The focus of the criminal investigation was to determine whether federal prosecutors could prove that the officer violated any federal laws, concentrating on the possible application of 18 U.S.C. § 242, a federal criminal civil rights statute. In order to establish a violation of this statute, prosecutors must prove, beyond a reasonable doubt, that the officer acted willfully to deprive Ms. Babbitt of a right protected by the Constitution or other law, here the Fourth Amendment right not to be subjected to an unreasonable seizure. Prosecutors would have to prove not only that the officer used force that was constitutionally unreasonable, but that the officer did so “willfully,” which the Supreme Court has interpreted to mean that the officer acted with a bad purpose to disregard the law. As this requirement has been interpreted by the courts, evidence that an officer acted out of fear, mistake, panic, misperception, negligence, or even poor judgment cannot establish the high level of intent required under Section 242.

The investigation revealed no evidence to establish beyond a reasonable doubt that the officer willfully committed a violation of 18 U.S.C. § 242. Specifically, the investigation revealed no evidence to establish that, at the time the officer fired a single shot at Ms. Babbitt, the officer did not reasonably believe that it was necessary to do so in self-defense or in defense of the Members of Congress and others evacuating the House Chamber. Acknowledging the tragic loss of life and offering condolences to Ms. Babbitt’s family, the U.S. Attorney’s Office and U.S. Department of Justice have therefore closed the investigation into this matter.

3 replies »

  1. “Specifically, the investigation revealed no evidence to establish that, at the time the officer fired a single shot at Ms. Babbitt, the officer did not reasonably believe that it was necessary to do so in self-defense or in defense of the Members of Congress and others evacuating the House Chamber.”

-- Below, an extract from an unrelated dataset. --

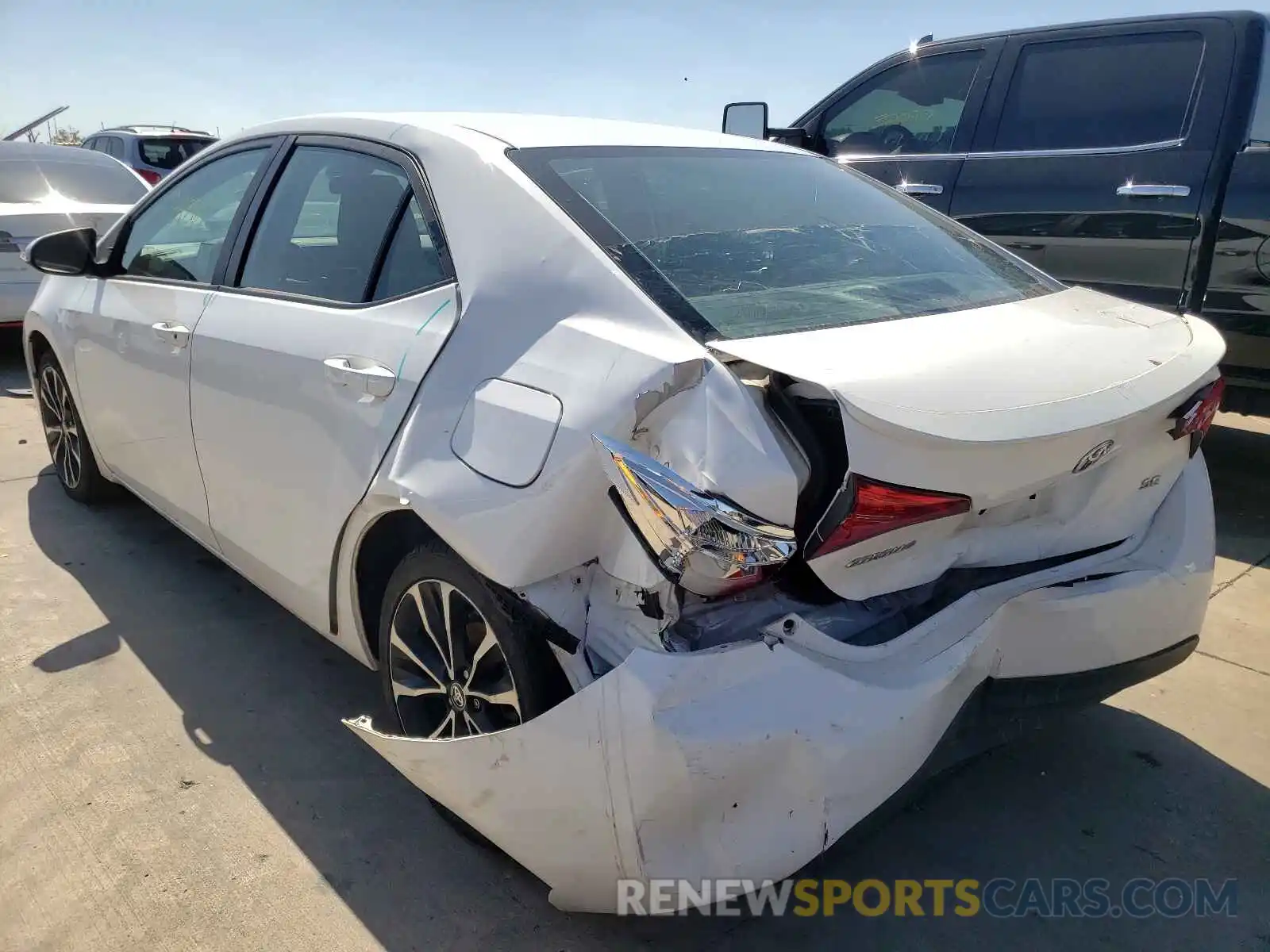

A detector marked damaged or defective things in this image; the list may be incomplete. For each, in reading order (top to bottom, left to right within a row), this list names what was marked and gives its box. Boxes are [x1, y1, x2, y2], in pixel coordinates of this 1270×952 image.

broken taillight [1163, 375, 1224, 454]
cracked tail lamp [591, 439, 792, 597]
broken taillight [807, 477, 965, 559]
dented rear bumper [343, 454, 1214, 919]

    I keep reading this in the hope that my brain will in some way connect to the court’s logic and argument, but it may require a miracle burst of understanding….How does this even make sense? The officer was NOT in fear for his life or the lives of the congress critters he was there to protect, and since he didn’t operate out of fear, panic, etc…. it was okay for him to shoot Ms. Babbitt? Maybe I am just an idiot and the court’s logic is crystal clear to everyone else on the planet, or maybe this is why I didn’t go to law school.

  2. The attempt to court packing, along with the misuse of the criminal justice system, are evidence that we are moving to a banana republic. The only thing that might stop it is states’ rights and the states defense of the Constitution.